Kody Skeals was the only one left.
The opposing team had more than 10 people on the floor and all of them were trying to hit Skeals with a big, soft, round ball.
I was scared out of my mind, said Skeals, a seventh grader.
After several minutes of dodging his attackers, Skeals made a spectacular catch of an errant throw. The catch drew a cheer from the crowd and brought all of his teammates back to the floor. In one brief moment, Skeals' team transitioned from what looked like a certain defeat to an advantage in the number of players on the court.
"It's something different for the kids to do on a Friday night," said Betsy Glasser, co-president of the Mohonasen Parent Teacher Student Organization (PTSO). "There have been other dodgeball tournaments at the high school in the past, but this is the first time we've done it at the middle school."
Glasser said approximately 60 kids, four teams of 15, participated in the dodgeball tournament, which was held at Draper Middle School on Friday, Feb. 8.
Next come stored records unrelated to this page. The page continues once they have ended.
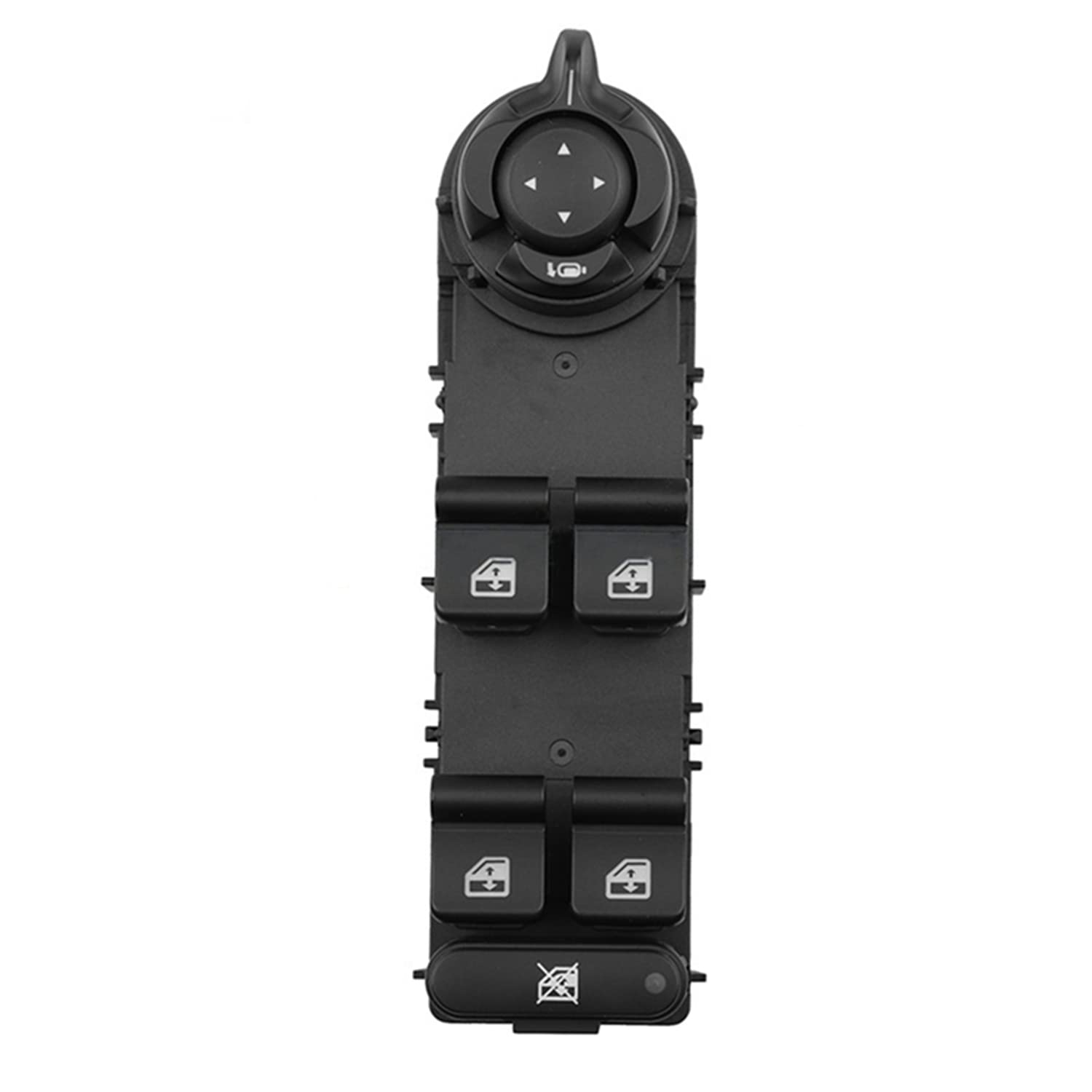 Interruttori a pulsante per auto Pulsantiera Finestra 156106392 156093398 156095708 Compatibile con Alfa Romeo Giulietta 940 2010-2019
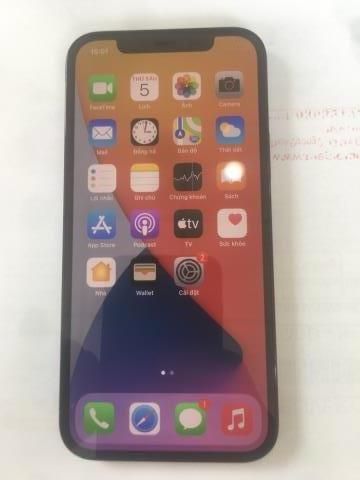 Điện thoại iPhone 12 Pro 256GB Pacific Blue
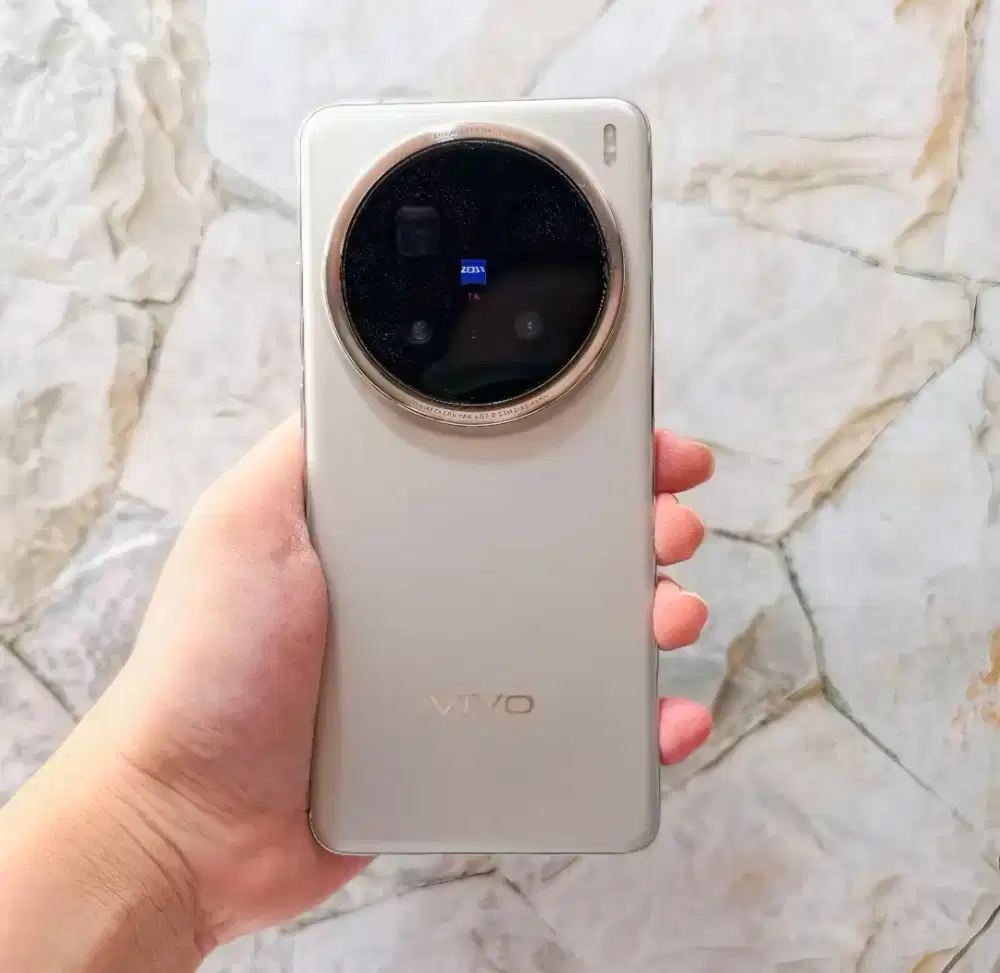 Vivo x200 Pro 16/512 mulus garansi panjang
Nearly 100 parents, school officials and students cheered from the bleachers.
"It's awesome having the crowd," said Skeals. "But I'm here for the fun and competition."
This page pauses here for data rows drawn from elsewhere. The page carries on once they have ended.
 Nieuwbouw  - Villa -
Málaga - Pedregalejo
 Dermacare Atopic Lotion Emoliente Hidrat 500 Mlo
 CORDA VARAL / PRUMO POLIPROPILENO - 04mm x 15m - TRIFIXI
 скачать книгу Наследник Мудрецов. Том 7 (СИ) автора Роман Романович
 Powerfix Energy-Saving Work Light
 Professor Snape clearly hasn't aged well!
Among those in the crowd was Draper Middle School Principal Debra Male. She said the dodgeball event was one of many sport-related events hosted by the PTSO.
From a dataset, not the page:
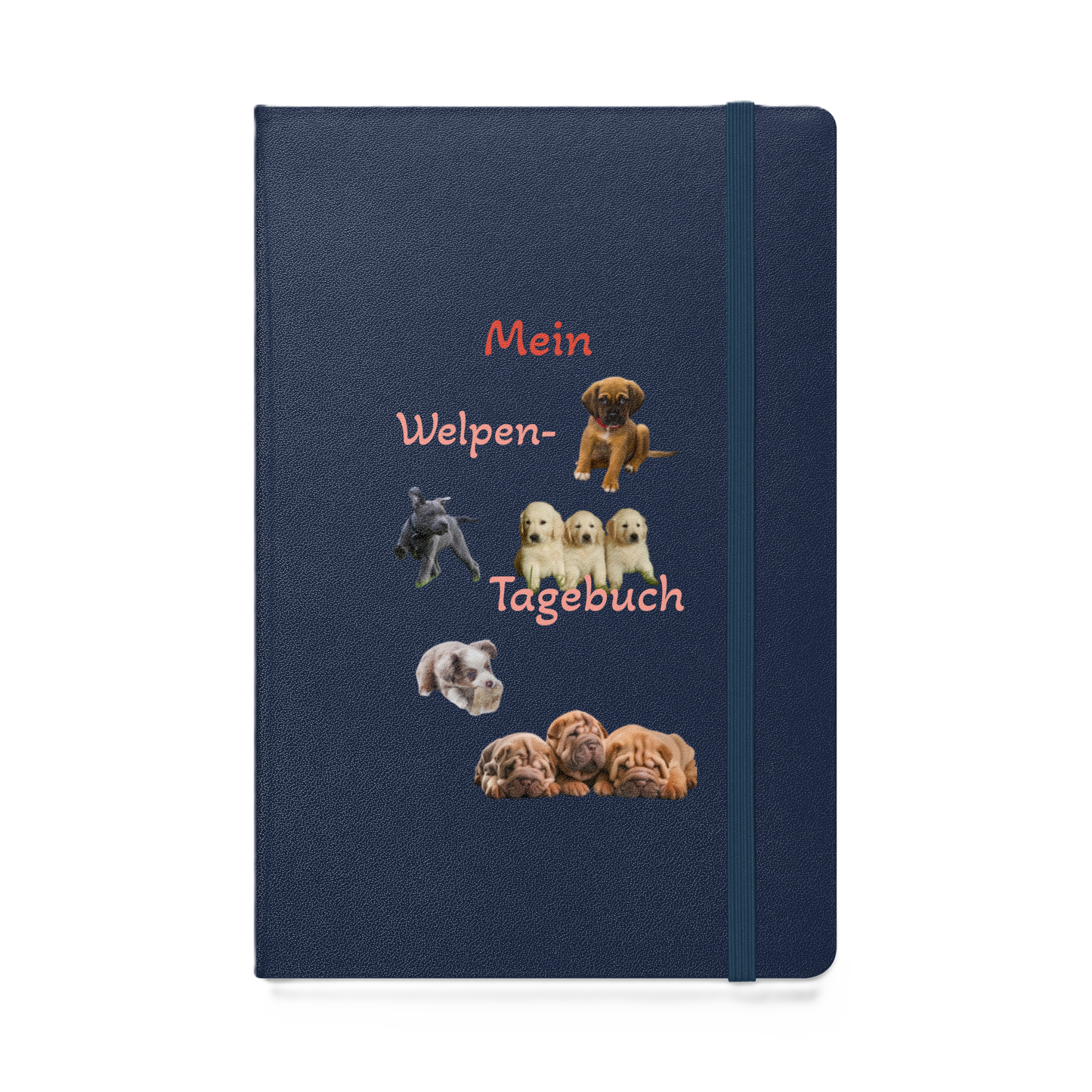 Mein Welpen-Tagebuch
"They also hosted a PTSO basketball game in November between middle and high school teachers," said Male. "The kids and parents like to come out and show their support."
Dennis Corbett, a Mohonasen assistant junior varsity football coach, officiated the tournament. He used the rules of dodgeball to teach the teams a life lesson.
"I can't see everyone who gets out," he said. "You've got to do the right thing even when no one is watching, so if you get hit with the ball, go to the sidelines."